The task calls for each record to be given again exactly.

Source data
^^^^^^^^^^^^^^^^

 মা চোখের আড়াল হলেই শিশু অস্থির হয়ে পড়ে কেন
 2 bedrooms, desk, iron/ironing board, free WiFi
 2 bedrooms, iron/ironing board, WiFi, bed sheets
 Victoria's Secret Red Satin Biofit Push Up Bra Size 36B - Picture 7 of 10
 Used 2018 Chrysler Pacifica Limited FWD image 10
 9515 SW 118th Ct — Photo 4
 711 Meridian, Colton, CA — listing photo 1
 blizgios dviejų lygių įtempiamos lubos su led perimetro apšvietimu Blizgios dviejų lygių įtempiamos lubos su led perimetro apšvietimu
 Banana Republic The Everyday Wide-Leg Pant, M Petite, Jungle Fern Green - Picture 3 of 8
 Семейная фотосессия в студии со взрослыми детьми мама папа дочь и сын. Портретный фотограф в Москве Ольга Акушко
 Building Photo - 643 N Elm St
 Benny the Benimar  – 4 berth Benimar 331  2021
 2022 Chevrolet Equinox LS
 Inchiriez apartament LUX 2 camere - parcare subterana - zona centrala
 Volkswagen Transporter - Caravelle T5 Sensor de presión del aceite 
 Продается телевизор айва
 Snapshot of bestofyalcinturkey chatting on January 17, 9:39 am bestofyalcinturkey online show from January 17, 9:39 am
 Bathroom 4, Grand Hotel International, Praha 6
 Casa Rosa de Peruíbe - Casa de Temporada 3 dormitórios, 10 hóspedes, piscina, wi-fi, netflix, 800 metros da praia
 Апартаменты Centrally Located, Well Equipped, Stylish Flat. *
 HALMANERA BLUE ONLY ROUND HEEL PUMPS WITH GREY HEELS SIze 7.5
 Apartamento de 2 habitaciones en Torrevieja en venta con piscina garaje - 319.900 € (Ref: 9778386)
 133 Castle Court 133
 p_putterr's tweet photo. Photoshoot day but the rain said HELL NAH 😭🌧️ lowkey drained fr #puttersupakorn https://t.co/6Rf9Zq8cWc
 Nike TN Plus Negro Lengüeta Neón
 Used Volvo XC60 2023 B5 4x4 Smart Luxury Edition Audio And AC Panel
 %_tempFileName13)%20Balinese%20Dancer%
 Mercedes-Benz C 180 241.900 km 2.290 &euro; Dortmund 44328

^^^^^^^^^^^^^^^^

Finished task:
 মা চোখের আড়াল হলেই শিশু অস্থির হয়ে পড়ে কেন
 2 bedrooms, desk, iron/ironing board, free WiFi
 2 bedrooms, iron/ironing board, WiFi, bed sheets
 Victoria's Secret Red Satin Biofit Push Up Bra Size 36B - Picture 7 of 10
 Used 2018 Chrysler Pacifica Limited FWD image 10
 9515 SW 118th Ct — Photo 4
 711 Meridian, Colton, CA — listing photo 1
 blizgios dviejų lygių įtempiamos lubos su led perimetro apšvietimu Blizgios dviejų lygių įtempiamos lubos su led perimetro apšvietimu
 Banana Republic The Everyday Wide-Leg Pant, M Petite, Jungle Fern Green - Picture 3 of 8
 Семейная фотосессия в студии со взрослыми детьми мама папа дочь и сын. Портретный фотограф в Москве Ольга Акушко
 Building Photo - 643 N Elm St
 Benny the Benimar  – 4 berth Benimar 331  2021
 2022 Chevrolet Equinox LS
 Inchiriez apartament LUX 2 camere - parcare subterana - zona centrala
 Volkswagen Transporter - Caravelle T5 Sensor de presión del aceite 
 Продается телевизор айва
 Snapshot of bestofyalcinturkey chatting on January 17, 9:39 am bestofyalcinturkey online show from January 17, 9:39 am
 Bathroom 4, Grand Hotel International, Praha 6
 Casa Rosa de Peruíbe - Casa de Temporada 3 dormitórios, 10 hóspedes, piscina, wi-fi, netflix, 800 metros da praia
 Апартаменты Centrally Located, Well Equipped, Stylish Flat. *
 HALMANERA BLUE ONLY ROUND HEEL PUMPS WITH GREY HEELS SIze 7.5
 Apartamento de 2 habitaciones en Torrevieja en venta con piscina garaje - 319.900 € (Ref: 9778386)
 133 Castle Court 133
 p_putterr's tweet photo. Photoshoot day but the rain said HELL NAH 😭🌧️ lowkey drained fr #puttersupakorn https://t.co/6Rf9Zq8cWc
 Nike TN Plus Negro Lengüeta Neón
 Used Volvo XC60 2023 B5 4x4 Smart Luxury Edition Audio And AC Panel
 %_tempFileName13)%20Balinese%20Dancer%
 Mercedes-Benz C 180 241.900 km 2.290 &euro; Dortmund 44328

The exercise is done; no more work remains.